We also stopped a few times on the side of the road for S to show us some of the plants that are used by Fijians, including kava, taro and pandanas palms. I thought it was interesting that Fijians use a lot of the same plants, and in the same way, as Vietnamese people. S also showed us the house of a person who is in the "kava business", selling the powdered root to locals and internationally. Let me just say his house was massive compared with all the others around, and next door was his 24 hour kava shop. I think it's quite addictive if you have lots of it. It's supposed to be quite intoxicating if you have more than about 8 cups of it!
Anyway, we arrived at the Art Village and were given some free time to wander around the stalls to purchase souvenirs or get something to eat or drink. After that, we were taken to another part of the village to watch a firewalking ceremony and cultural show.
We started with the firewalking, which is where some men walk on white hot stones without burning themselves. There is only one tribe in Fiji that can do this, and it is said they are able to touch burns and heal them too.
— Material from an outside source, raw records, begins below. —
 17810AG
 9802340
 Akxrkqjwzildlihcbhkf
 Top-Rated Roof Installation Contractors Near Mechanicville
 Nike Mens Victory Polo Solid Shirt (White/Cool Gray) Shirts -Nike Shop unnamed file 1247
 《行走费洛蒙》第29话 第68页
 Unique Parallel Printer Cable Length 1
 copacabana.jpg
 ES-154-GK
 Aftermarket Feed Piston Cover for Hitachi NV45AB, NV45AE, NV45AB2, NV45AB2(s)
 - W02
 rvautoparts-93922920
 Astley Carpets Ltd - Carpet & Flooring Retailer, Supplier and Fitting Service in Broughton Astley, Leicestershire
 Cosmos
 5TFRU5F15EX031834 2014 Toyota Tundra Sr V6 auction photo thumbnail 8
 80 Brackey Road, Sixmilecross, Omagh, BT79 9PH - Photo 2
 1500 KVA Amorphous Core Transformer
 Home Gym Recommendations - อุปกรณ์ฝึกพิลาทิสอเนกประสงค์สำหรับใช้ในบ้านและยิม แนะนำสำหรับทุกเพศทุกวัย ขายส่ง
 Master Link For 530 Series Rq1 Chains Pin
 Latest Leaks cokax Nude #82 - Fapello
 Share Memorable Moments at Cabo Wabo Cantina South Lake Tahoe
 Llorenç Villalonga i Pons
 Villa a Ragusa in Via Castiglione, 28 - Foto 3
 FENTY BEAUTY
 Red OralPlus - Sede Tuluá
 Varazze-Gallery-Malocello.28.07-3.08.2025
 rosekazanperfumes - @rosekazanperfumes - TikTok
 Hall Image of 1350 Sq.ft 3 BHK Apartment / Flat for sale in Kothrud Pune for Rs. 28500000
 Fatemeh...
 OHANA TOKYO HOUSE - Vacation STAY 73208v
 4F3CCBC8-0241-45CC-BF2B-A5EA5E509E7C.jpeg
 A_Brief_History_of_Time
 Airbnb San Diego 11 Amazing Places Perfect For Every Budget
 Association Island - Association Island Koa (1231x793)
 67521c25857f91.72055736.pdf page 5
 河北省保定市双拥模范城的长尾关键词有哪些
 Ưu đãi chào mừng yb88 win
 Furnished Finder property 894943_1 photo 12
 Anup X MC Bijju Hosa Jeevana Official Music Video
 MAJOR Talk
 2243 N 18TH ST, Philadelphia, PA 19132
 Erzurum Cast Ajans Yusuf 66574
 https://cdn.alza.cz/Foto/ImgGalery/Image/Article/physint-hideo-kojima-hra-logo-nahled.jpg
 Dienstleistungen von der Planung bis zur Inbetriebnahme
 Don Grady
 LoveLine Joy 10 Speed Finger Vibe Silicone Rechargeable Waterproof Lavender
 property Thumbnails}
The story behind it is that many years ago, a storyteller asked to be paid for his stories with the first thing caught on the following day. One man went and caught an eel, and as he was pulling it in, it transformed into a spirit god. The man was very happy, but the god didn't want to be given to the storyteller. The man would not listen. After much pleading, the spirit god offered to give the man power over fire, the man was intrigued and accepted. So the god build a fire and lined it with stones which became hot. He told the man to walk into the fire with him, which the man did and was amazed that he did not get burnt. Next, the god said he would cover the man with the stones for 4 days and he would be unharmed. The man said no thanks, that the walking thing was enough for him, and so from that day, descendants of that man have been able to walk on the stones without being injured.
To this day, there is a particular ceremony that must be performed by a tribal priest before the firewalking can take place. We watched the ceremony, then the priest and five others walking over the stones (which had been in the fire for about 4 hours to get them to the right temperature).
Next was the rest of the show which had dancing and songs by both men and women. There was the men's spear dance then one by the women, then another dance by the men, this time using fans. Finally, there was a fighting/war demonstration which was amazing and a bit scary. They really were fierce people!
It was then time to leave. We were taken back to Suva to a department store type place. Mel and I had a look then a bit of a walk around. It was similar to other larger cities, not that I got very far. It was too hot for me, so I left Mel and headed back to the ship. And the rest is history as they say! I'm really glad I went on the excursion though!